The Governor of Burma, Sir Reginald Dorman-Smith (Harrow, Cambridge, Sandhurst), was a fitting leader for this decorous and unreal society. A very good-looking man – almost too good looking – with a fondness for fragrant pipe tobacco, Dorman-Smith had seen action briefly in the Great War, but his former tenure as Minister of Agriculture under Neville Chamberlain hinted at a bovine temperament. He was not the sort of man to notice that he sat atop a very rickety edifice.
Burma has been called an ‘anthropologist’s paradise’; it might also have been called a colonialist’s nightmare. Aside from a couple of battalions of British soldiers in Burma, the main defensive force was called the Burma Rifles, which had British officers and supposedly Burmese other ranks … except that the soldiery of the Burma Rifles largely comprised ethnic minorities – the Shans of the east, Chins of the west, Kachins of the north, Karens of the south – because the loyalty of the indigenous Burmese could not be taken for granted.
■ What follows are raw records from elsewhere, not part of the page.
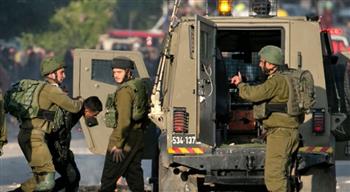 قوات الاحتلال تعتقل أربعة فلسطينيين في الضفة الغربية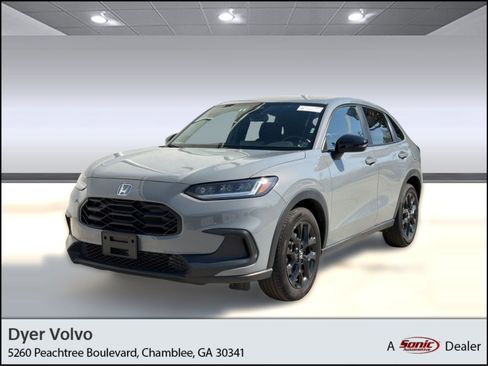 Used 2025 Honda HR-V Sport image 1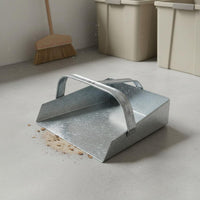 Galvanized Dustpan Reflective Metal Dust Pan Heavy Duty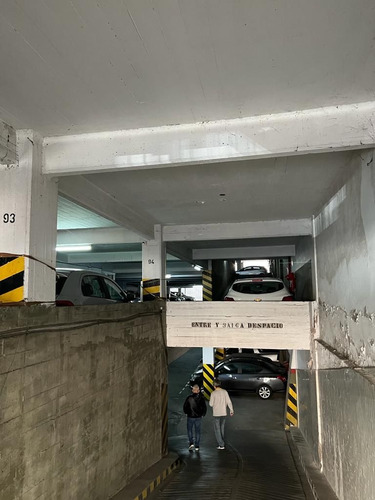 Imagen 1 de 5 de Cochera En Venta En San Telmo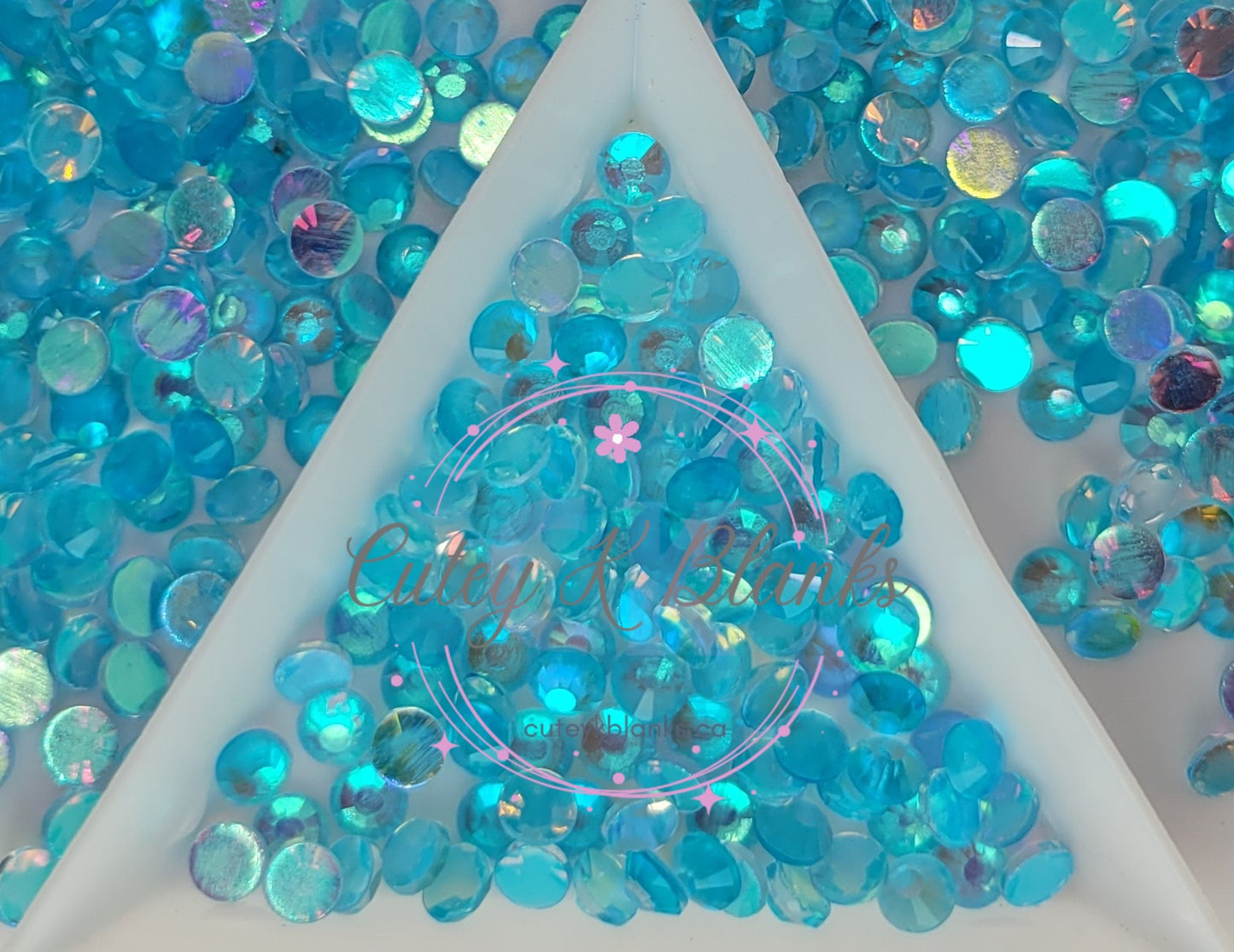 Glass Flatback Rhinestones: Aquamarine Aurora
The British in Burma were buttressed in their eminence by a million Indians. In Rangoon, they operated the infrastructure: drove the trams and trains, manned the docks, and they were hated by the Burmese, either for taking the jobs they themselves might have aspired to, or for abetting the imperial power. The Indians needed the social order to remain stable, otherwise they would be preyed upon by the Burmese dacoits, or criminal gangs, and the incidence of dacoity in Burma was high. The Burmese had rioted against the Indians in 1937, hence the granting of a measure of self-government, a reform that did not negate Burmese nationalism. In 1940, it had been necessary to arrest the first Burmese Premier to serve under the new dispensation, Baw Ma, on a charge of sedition. And with the coming of war, a Burmese Independence Army would at first fight alongside the Japanese invader before switching sides. Rising nationalism on the eve of the war had been manifested in an increasing intolerance of Europeans keeping their shoes on when visiting the pagodas. The ubiquitous sign ‘Footwearings not permitted’ was ceasing to be a joke. But no alarm had been raised.